1. Waarom ben je ‘koning van de assists’?

“Ik ben 28 nu, mijn beste jaren komen eraan, voel ik. Ik ben rijper geworden en zoek gemakkelijker oplossingen dan vroeger. Ik blijf met dribbels provoceren, maar in plaats van dan ook nog eens het doelpunt te willen maken of altijd de actie te doen, weet ik ondertussen dat ik bijvoorbeeld ook de bal in de ploeg kan houden. Balvaster ben ik alleszins geworden. Ik ben veel efficiënter geworden ook. En er is de goesting om mij weer te tonen op het hoogste niveau. Na mijn terugkeer uit Griekenland ben ik wat in de vergeetput geraakt, terwijl ik wist dat ik een speler voor eerste klasse ben. Dus die tijd in tweede klasse heeft mij een beetje doen nadenken. Eerste klasse is het mooiste, besefte ik, dus ik wou een goed seizoen maken dit jaar.
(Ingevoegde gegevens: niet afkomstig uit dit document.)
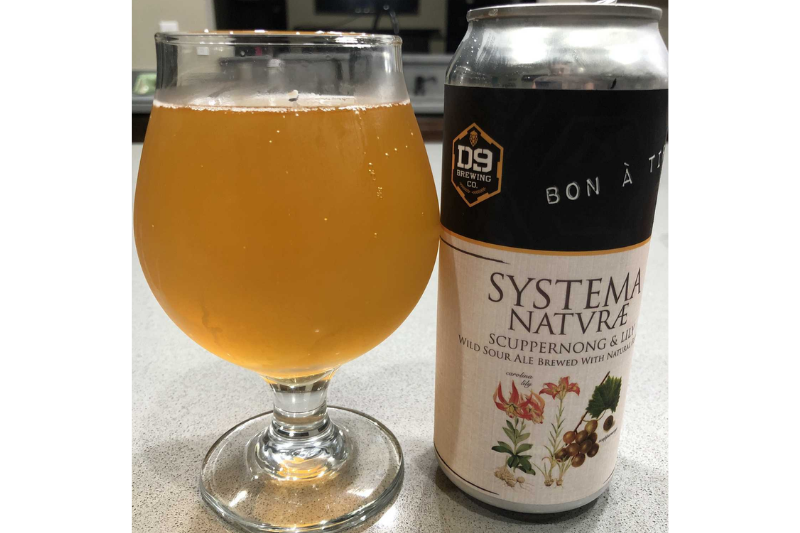 <cite>D9 Brewing Co.的一款野生酸啤酒Systema Naturae的第二版Scuppernong & Lily在2016年的美國啤酒節中拿下金牌。（圖／翻攝自Untappd）</cite>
Als ik een goede voorzet gaf, kopte of trapte Jérémy ( Perbet, nvdr) die acht van de tien keer binnen. Toen ik zag dat dat werkte, dacht ik: ik ga dat méér doen. Dan ben ik gaan beseffen dat ik het niet moeilijker moest maken door altijd mijn tegenstander uit te schakelen, maar dat ik ook kon dreigen, tikje opzij geven en de bal voor doel zwieren. Ik ben mij bewust geworden van die kwaliteit.”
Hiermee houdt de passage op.